6) Problems of implementation

6a) Shortage Objections. To extract coherent extrapolated volitions from people seems to be not only immensely complicated but also computationally costly. Yudkowsky proposes in CEV that we should let this initial dynamic run for a few minutes and then redesign its machine, implementing the code it develops once it is mature. But what if maturity is not achieved? What if the computational intractability of muddled concepts and spread overwhelm the computing capacity of the machine, or exceed the time it is given to process it's input?

6b) Sample bias. The CEV machine implements the volition of mankind, such is the suggestion. But from what sample of people will it extrapolate? Certainly it will not do a fine grained reading of everyone's brainstates in order to start operating, it will more likely extrapolate from sociological, anthropological and psychological information. Thus its selection of groups extrapolated will matter a lot in the long run. It may try to correct sampling bias by obtaining information about other cultures (besides programmers culture and whichever other cultures it starts with), but the vastness of human societal variation can be a hard challenge to overcome. We want to fairly take into account everyone's values, rather than privileging those of the designers.

6c) The Indeterminacy Objection. Suppose we implement the CEV of a group of people including three catholics, a muslim and two atheists, all of them English speakers. What if the CEV machine fails to consider the ethical divergence of their moral judgments by changing the meaning of the word 'god'? While extrapolating, many linguistic tokens (words) will appear (e.g. as parts of ethical imperatives). Since Quine's (1960) thesis of indeterminacy of reference, we know that the meanings of words are widely under-determined by their usage. A machine that reads my brainstate looking for cues on how to CEV may find sufficiently few mentions of a linguistic token such as 'god' that it ends up able to attribute almost any meaning to it (analogous to Löwenheim-Skolem theorem), and it may end up tampering with the token's meaning for the wrong reasons (to increase coherence at cost of precision).

7) Praise of CEV

7a) Bringing the issue to practical level

Despite all previous objections, CEV is a very large reduction in the problem space of how to engineer a nice future. Yudkowsky's approach is the first practical suggestion for how an artificial moral agent might do something good, as opposed to destroying humanity. Simply starting the debate of how to implement an ethical agent that is a machine built by humans is already a formidable achievement.

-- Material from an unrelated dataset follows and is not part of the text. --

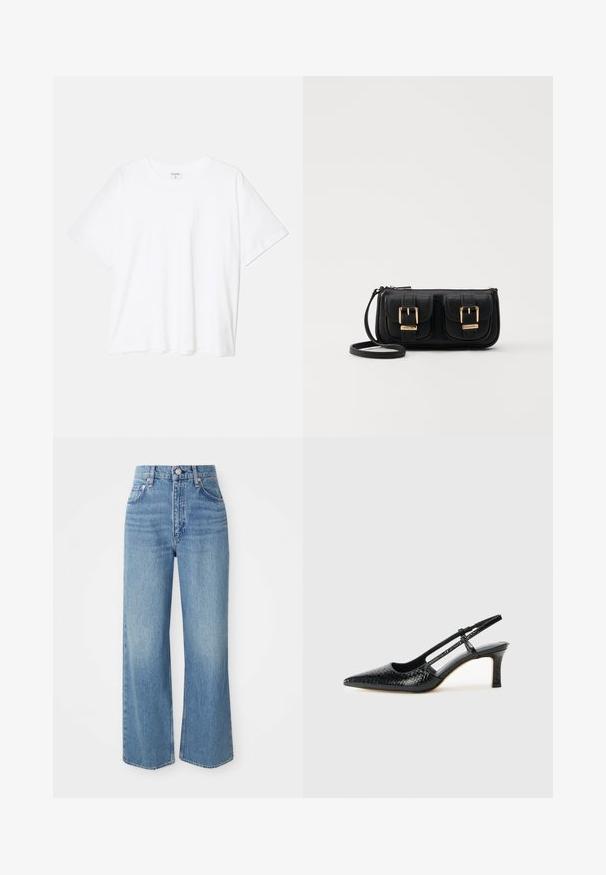 Valkoinen puuvillapaita lyhyillä hihoilla, pyöreällä pääntiellä, rentoa tyyliä ja ommeltu helma. Tunniste näkyvissä sisäkauluksessa.; Vaaleansiniset farkut, joissa on korkea vyötärö, leveät lahkeet ja raaka helma. Ominaisuuksia ovat perinteinen viiden taskun muotoilu ja hopeanvärinen napp closure.; Musta patent slingback-kiilakorko teräväkärkisellä muotoilulla, jossa on teksturoitu käärmeennahkakuosi, säädettävä remmi ja lyhyt, teksturoitu blokkiheel.; Musta nahkainen olkalaukku, jossa on kaksi etutaskua, kultaiset soljet, vetoketjukiinnitys ja kapea hihna. Teksturoidun pinnan ja kompaktin suorakaiteen muoto.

CEV sets the initial grounding above which will be built stronger ideas for our bright future.

7b) Ethical strength of egalitarianism

CEV is a morally egalitarian ethically designed theory. Each current human stands in the same quantitative position relative to how much his volition will contribute to the final sum. Even though the CEV implementing machine will only extrapolate some subset of humans, it will try to make that subset in as much as possible a political representative of the whole.

8) Alternatives to CEV

8a) The Nobel Prize CEV

Here the suggestion is to do CEV on only a subset of humanity (which might be necessary anyway for computational tractability). Phlebas asks:

“[Suppose] you had to choose a certain subset of minds to participate in the initial dynamic?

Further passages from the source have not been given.